▸ The problem:
Will you return, word for word, only the lines from the top of the data below down to and including the one with "Black colour georgete"?

[Dataset items]
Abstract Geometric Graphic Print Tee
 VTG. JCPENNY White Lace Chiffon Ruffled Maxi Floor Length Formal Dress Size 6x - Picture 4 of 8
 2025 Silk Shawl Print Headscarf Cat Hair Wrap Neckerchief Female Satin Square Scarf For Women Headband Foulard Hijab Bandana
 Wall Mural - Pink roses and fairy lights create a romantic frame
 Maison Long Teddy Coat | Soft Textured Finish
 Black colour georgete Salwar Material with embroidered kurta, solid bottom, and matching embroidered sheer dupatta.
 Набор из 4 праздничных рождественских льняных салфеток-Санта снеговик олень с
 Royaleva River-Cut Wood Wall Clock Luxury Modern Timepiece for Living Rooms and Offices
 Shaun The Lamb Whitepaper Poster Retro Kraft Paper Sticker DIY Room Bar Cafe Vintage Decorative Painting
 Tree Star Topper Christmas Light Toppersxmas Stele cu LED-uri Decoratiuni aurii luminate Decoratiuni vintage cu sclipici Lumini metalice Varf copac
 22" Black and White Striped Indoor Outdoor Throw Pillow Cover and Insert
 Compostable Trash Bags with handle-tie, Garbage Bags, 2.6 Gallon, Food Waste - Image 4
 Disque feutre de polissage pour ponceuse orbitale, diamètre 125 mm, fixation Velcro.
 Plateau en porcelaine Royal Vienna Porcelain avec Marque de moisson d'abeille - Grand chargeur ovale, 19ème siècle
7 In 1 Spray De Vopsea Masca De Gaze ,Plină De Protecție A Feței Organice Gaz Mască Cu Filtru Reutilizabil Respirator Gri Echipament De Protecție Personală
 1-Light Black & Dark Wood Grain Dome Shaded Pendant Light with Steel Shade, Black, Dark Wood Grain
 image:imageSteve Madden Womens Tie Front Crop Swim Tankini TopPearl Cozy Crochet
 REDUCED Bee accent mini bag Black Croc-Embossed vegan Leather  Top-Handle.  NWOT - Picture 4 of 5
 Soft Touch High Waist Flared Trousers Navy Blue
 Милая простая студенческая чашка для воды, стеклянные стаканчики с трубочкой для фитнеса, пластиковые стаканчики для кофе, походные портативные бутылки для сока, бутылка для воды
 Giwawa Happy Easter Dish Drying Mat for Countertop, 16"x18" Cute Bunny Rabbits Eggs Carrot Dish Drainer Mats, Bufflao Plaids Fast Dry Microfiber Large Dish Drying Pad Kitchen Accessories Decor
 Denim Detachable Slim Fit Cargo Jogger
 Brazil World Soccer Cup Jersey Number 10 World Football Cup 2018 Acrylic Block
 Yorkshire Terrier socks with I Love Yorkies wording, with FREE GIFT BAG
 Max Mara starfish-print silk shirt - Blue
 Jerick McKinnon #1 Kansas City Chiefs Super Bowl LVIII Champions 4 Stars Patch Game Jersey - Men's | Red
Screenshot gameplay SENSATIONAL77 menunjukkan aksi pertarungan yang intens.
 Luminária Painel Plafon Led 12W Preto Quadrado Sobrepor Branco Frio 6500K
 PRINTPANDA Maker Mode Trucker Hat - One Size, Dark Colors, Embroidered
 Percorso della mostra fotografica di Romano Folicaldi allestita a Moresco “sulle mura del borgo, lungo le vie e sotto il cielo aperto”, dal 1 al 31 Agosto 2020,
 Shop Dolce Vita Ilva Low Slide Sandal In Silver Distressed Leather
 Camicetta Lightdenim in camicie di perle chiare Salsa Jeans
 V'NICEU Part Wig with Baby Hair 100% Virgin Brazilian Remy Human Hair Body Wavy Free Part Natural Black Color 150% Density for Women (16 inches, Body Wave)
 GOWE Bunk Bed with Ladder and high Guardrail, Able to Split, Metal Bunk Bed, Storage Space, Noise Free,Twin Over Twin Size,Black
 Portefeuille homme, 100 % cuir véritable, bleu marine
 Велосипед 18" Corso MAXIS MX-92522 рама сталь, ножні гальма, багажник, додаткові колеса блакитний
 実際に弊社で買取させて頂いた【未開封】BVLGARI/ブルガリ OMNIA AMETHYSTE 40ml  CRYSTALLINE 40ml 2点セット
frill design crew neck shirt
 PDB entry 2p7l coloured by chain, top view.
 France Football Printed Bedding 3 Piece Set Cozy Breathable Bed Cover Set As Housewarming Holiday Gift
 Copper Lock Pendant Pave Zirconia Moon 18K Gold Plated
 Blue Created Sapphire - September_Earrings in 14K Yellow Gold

▸ Task response:
Abstract Geometric Graphic Print Tee
 VTG. JCPENNY White Lace Chiffon Ruffled Maxi Floor Length Formal Dress Size 6x - Picture 4 of 8
 2025 Silk Shawl Print Headscarf Cat Hair Wrap Neckerchief Female Satin Square Scarf For Women Headband Foulard Hijab Bandana
 Wall Mural - Pink roses and fairy lights create a romantic frame
 Maison Long Teddy Coat | Soft Textured Finish
 Black colour georgete Salwar Material with embroidered kurta, solid bottom, and matching embroidered sheer dupatta.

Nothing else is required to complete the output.